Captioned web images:
--- START ---

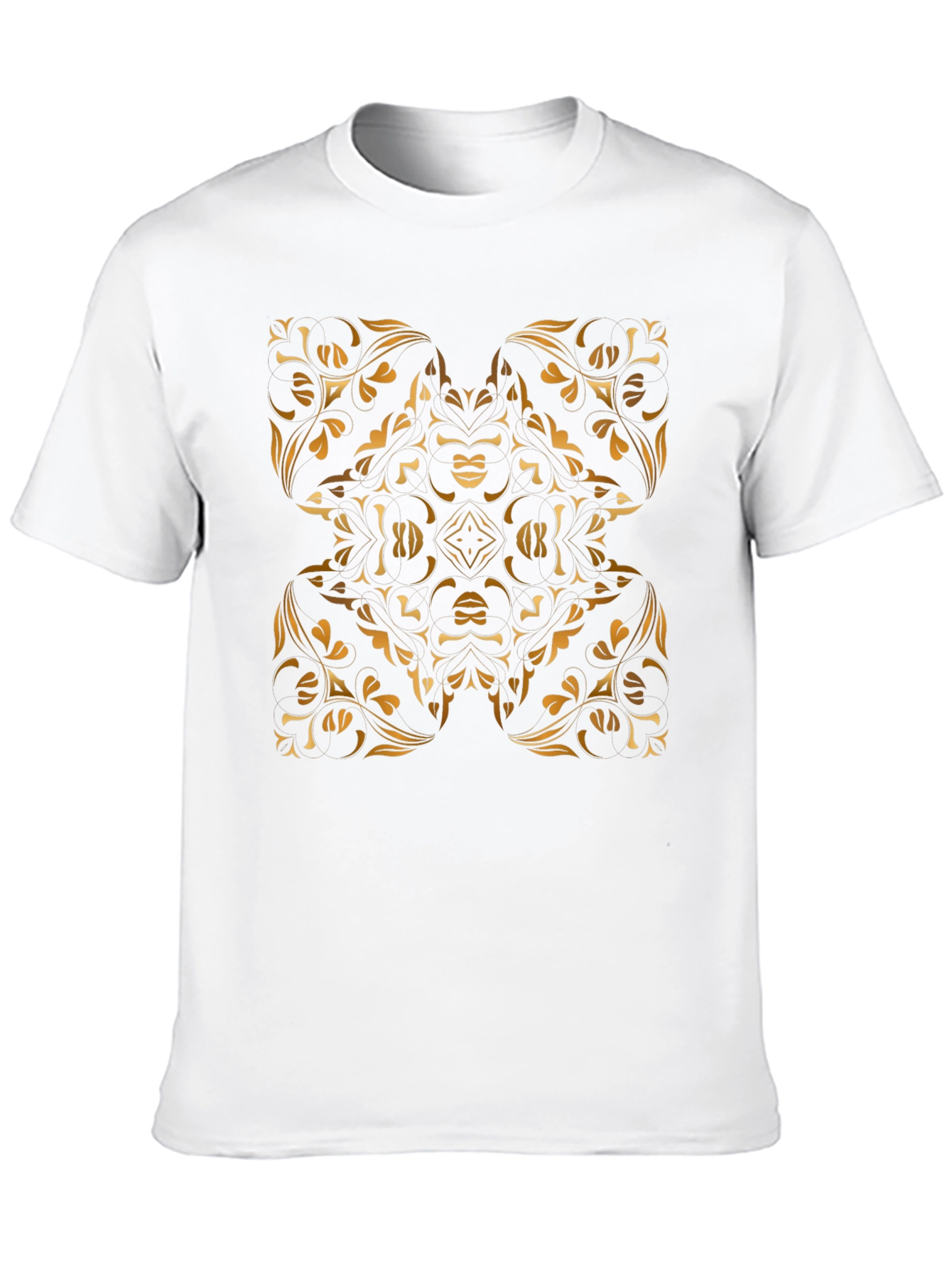 Stylish Black Tee with Gold Floral Mandala Design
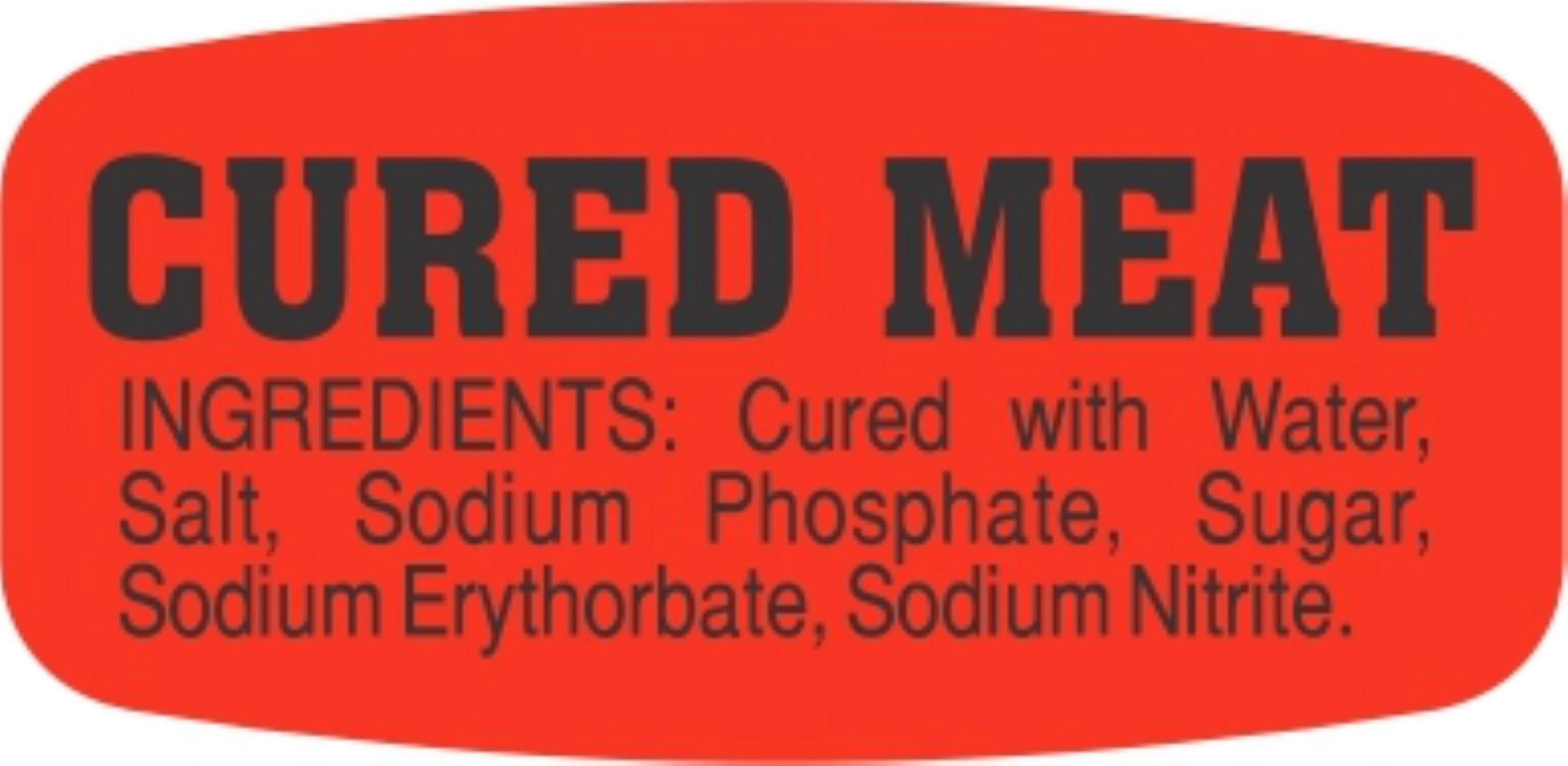 Cured Meat With Ingredients Meat Ingredient Label.625X1.25 IN Black Red Short Oval 1000 Count/Roll 50 Rolls/Case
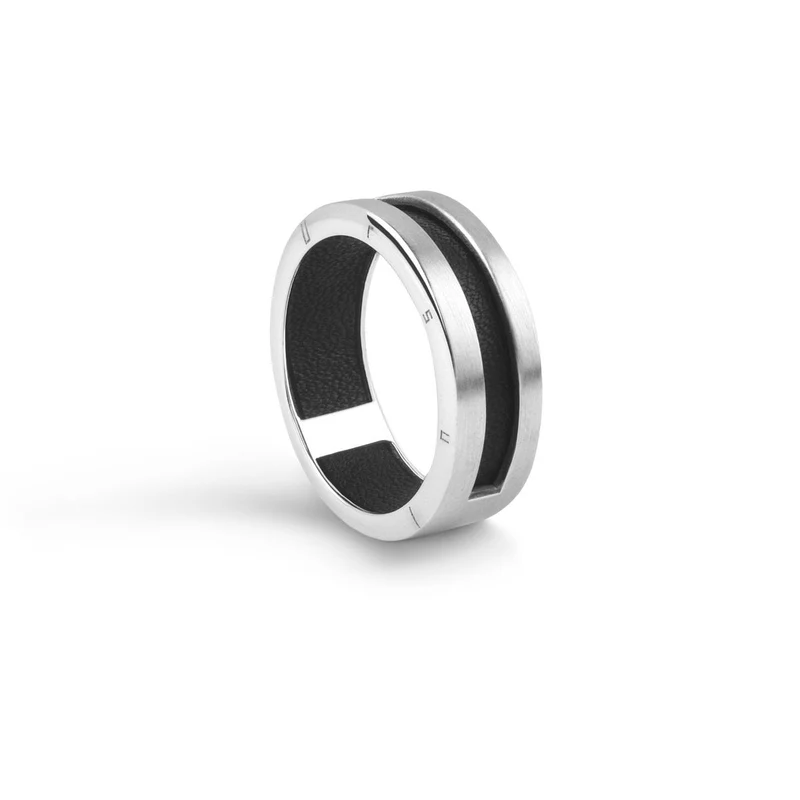 Bague homme argent cuir | YIN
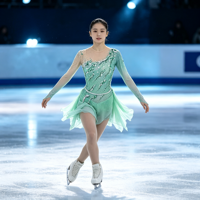 Robe de patinage artistique vert menthe avec strass, dos nu, manches longues, en maille, costume de compétition de patinage sur glace, personnalisé pour filles et femmes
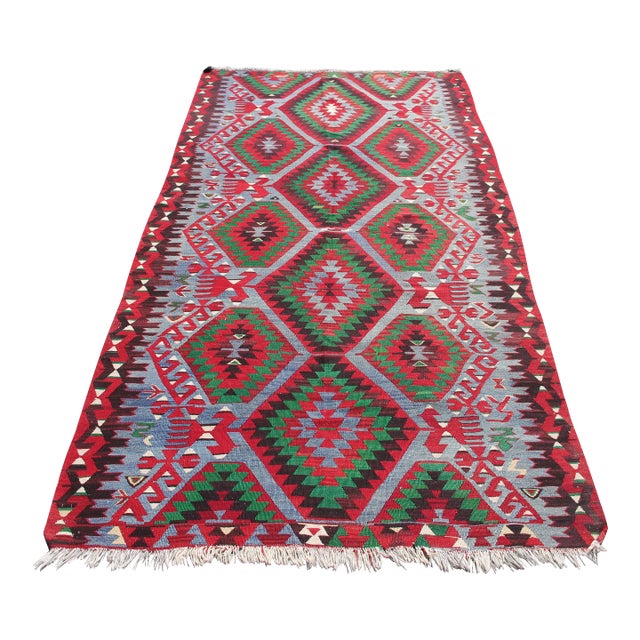 1960's Vintage Hand Woven Kilim Rug - 63" X 120" For Sale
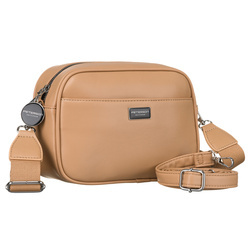 Beige Damen City-Umhängetasche aus Öko-Leder mit zwei Schulterriemen im Crossbody-Stil – Peterson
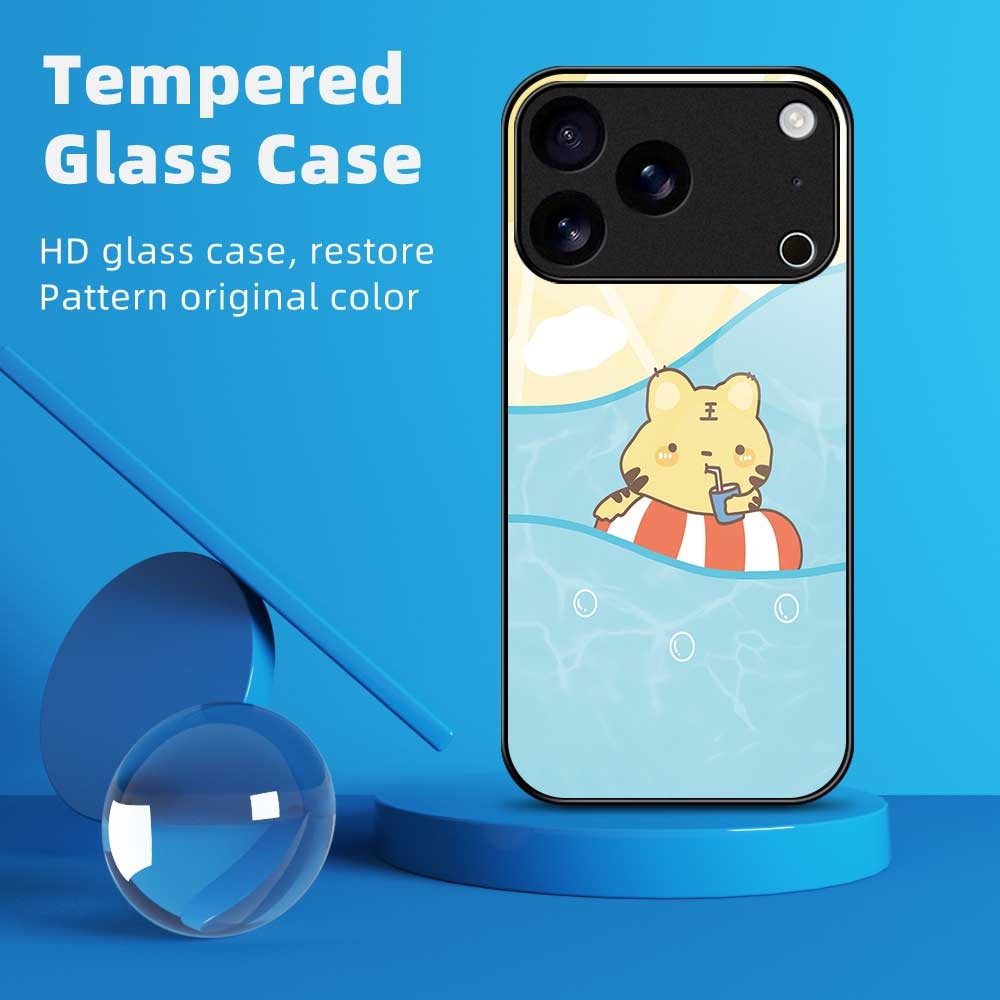 For iPhone 17 Pro Max Case PC TPU Tempered Glass Pattern Printing Slim Phone Back Cover - B0276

--- END ---

> [WORK TO BE COMPLETED] Your answer must be the lines from the one containing "Cured Meat With" through the final line of the entries, duplicated exactly, with both ends kept and all pictures left out.

> [RESULT]
 Cured Meat With Ingredients Meat Ingredient Label.625X1.25 IN Black Red Short Oval 1000 Count/Roll 50 Rolls/Case
 Bague homme argent cuir | YIN
 Robe de patinage artistique vert menthe avec strass, dos nu, manches longues, en maille, costume de compétition de patinage sur glace, personnalisé pour filles et femmes
 1960's Vintage Hand Woven Kilim Rug - 63" X 120" For Sale
 Beige Damen City-Umhängetasche aus Öko-Leder mit zwei Schulterriemen im Crossbody-Stil – Peterson
 For iPhone 17 Pro Max Case PC TPU Tempered Glass Pattern Printing Slim Phone Back Cover - B0276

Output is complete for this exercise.